Ultimately, this lesson is about playing the long game by removing the pressure to "perform." Squibb advises that you must "make sure that what you're selling, you believe in" and never say something isn't true just to close a deal. When you stop trying to extract money and start trying to add value through truth—even when it hurts your bottom line temporarily—the sales eventually follow, often with much higher loyalty.
Section 5: Let’s Talk!
Something Inside My Head:
Real Talk with Nitchev
The defining aesthetic of our era is "frictionless." We tap a glass screen, and food appears; we press a pedal, and an electric car silently glides forward. It feels like magic, or at least like a clean break from the smokestacks of the past. But the physical reality of this technology is heavy, and it is far from clean. The lithium-ion batteries that power our guilt-free EVs and indispensable iPhones rely on cobalt, a mineral that largely comes from the red earth of the Democratic Republic of Congo. There, the "green energy" revolution is fueled by 19th-century conditions: armies of "artisanal" miners, often children as young as six, digging in toxic tunnels with no equipment, risking collapse and lung disease for a dollar a day. to feed a supply chain that ends in our pockets.
This casts a different shadow on the story of Thomas Thwaites and his melted toaster. We previously looked at his £1,100 homemade toaster as a lesson in complexity—how hard it is to replicate the global machine. But looking at the Congo, we have to ask a darker question: Is the global machine "efficient," or is it just exploitative? The reason the store-bought toaster—and your phone, and your clothes—is so cheap isn't just because of economies of scale. It's because the true cost of production is often subsidized by the health and safety of someone you will never meet. The system works because the messy, dangerous part happens far away from the shiny retail box.

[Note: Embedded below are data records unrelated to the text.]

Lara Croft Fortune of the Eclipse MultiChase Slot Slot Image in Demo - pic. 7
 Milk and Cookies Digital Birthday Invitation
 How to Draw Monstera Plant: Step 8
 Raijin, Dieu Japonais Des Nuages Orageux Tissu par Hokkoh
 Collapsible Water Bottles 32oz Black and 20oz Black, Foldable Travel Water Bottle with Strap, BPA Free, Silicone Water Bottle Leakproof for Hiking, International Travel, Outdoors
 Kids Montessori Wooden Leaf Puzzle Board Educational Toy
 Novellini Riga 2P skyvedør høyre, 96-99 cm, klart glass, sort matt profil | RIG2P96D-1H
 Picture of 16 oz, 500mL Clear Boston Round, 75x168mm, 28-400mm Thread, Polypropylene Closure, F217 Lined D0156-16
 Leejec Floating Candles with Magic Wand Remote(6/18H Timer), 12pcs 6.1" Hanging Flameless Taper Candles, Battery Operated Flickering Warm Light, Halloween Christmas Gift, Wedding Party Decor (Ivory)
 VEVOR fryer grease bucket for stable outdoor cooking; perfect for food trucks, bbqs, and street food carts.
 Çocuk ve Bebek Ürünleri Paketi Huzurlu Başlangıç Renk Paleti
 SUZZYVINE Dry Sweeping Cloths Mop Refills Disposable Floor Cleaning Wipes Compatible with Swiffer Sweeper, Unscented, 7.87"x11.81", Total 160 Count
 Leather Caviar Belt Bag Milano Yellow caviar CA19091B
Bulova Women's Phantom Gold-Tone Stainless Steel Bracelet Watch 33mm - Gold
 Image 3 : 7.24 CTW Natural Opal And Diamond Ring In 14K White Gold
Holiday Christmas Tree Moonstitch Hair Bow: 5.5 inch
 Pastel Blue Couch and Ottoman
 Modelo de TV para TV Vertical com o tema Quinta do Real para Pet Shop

This dynamic isn't limited to hardware; it haunts the "magical" world of AI, too. We tend to think of Artificial Intelligence as pure code, but it requires massive amounts of human training to be safe for public use. Before an AI like ChatGPT is released, it has to be taught what not to say. This job falls to data labelers in places like Kenya, who earn less than $2 an hour to review the internet's most toxic, violent, and disturbing content. They act as the digital world's filtration system, absorbing the psychological trauma of the worst of humanity so that the chatbot on your screen remains polite and helpful.
So, we arrive at the uncomfortable mechanics of the modern world: Mass production is an engine of distance. It separates the consumer from the producer so effectively that we can consume without the burden of conscience. We are not paying the true price of our lifestyle. If the price tag on an iPhone included the cost of fair wages, safe mines, and psychological care for data trainers, it wouldn't cost $1,000—it would cost $10,000. The "efficiency" we worship is often just a fancy word for our ability to ignore the human beings who make our lives possible.
What are your thoughts? If you had to pay the "true cost" of your phone—moral and financial—would you still buy it? Or are we all just comfortable enough with the distance to keep swiping?